IN THE UNITED STATES DISTRICT COURT FOR THE NORTHERN DISTRICT OF ILLINOIS EASTERN DIVISION


April 13, 2011

FIDELITY INVESTMENTS LIFE INSURANCE COMPANY, PLAINTIFF
v.
DENISE SQUIRE, ET AL., DEFENDANTS

The opinion of the court was delivered by: Samuel Der-yeghiayan, District Judge

MEMORANDUM OPINION

This matter is before the court on the parties' cross motions for summary judgment. This matter is also before the court on Defendant Denise Squire's, Defendant Joe Vaccaro's (Vaccaro), and Defendant Estate of Justin Newman's (Newman Estate)(collectively referred to as "Beneficiaries") motion to strike. For the reasons stated below, the court denies the Beneficiaries' motion to strike, the court grants in part and denies in part the Beneficiaries' motion for summary judgment, and the court grants in part and denies in part Plaintiff Fidelity Investments Life Insurance Company's (FILI) motion for summary judgment.

BACKGROUND

In August 1999, FILI issued a $5,000,000.00 life insurance policy (Policy) covering Ari Squire. On December 20, 2006, Ari Squire executed a Beneficiary Change Form, which purportedly designated Denise Squire as a primary beneficiary of 80% of the death benefit ($4,000,000.00), Vaccaro as a primary beneficiary of 20% of the death benefit ($1,000,000.00), and Shana Majmudar (Majmudar), as the secondary beneficiary of 100% of the death benefit.

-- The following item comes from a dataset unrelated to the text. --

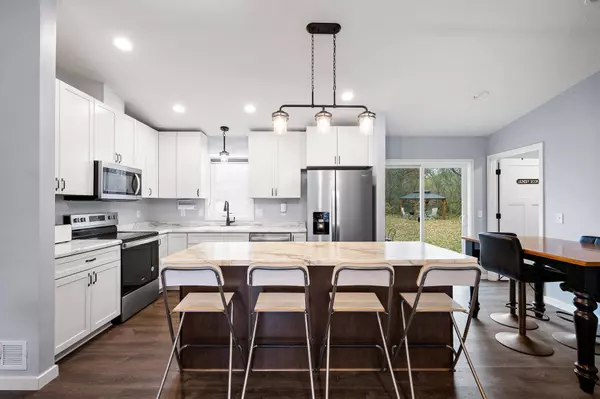 7007 River RD, Inver Grove Heights, MN 55076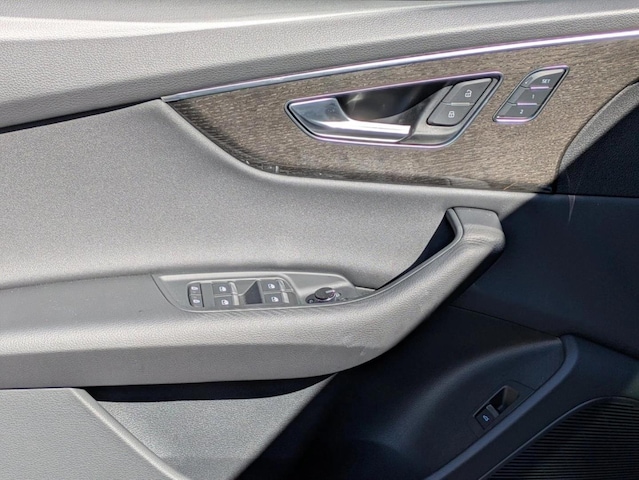 2026 Audi Q8 Premium Plus - Photo 17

In an attempt to fake his death and thereby obtain proceeds under the Policy (Proceeds), Ari Squire allegedly murdered Justin Newman (Newman), assumed Newman's identity, and fled to Missouri. On March 2, 2008, Ari Squire shot and killed himself when several police officers came to his hotel room to investigate the presence of Newman's car in the hotel parking lot. In August 2008, Denise Squire submitted a claim for benefits under the Policy. Upon FILI's investigation of the claim, FILI learned that Denise Squire had been implicated in Newman's alleged murder. On May 4, 2009, FILI filed the instant declaratory judgment action, naming Denise Squire, Vaccaro, and Majmudar as Defendants.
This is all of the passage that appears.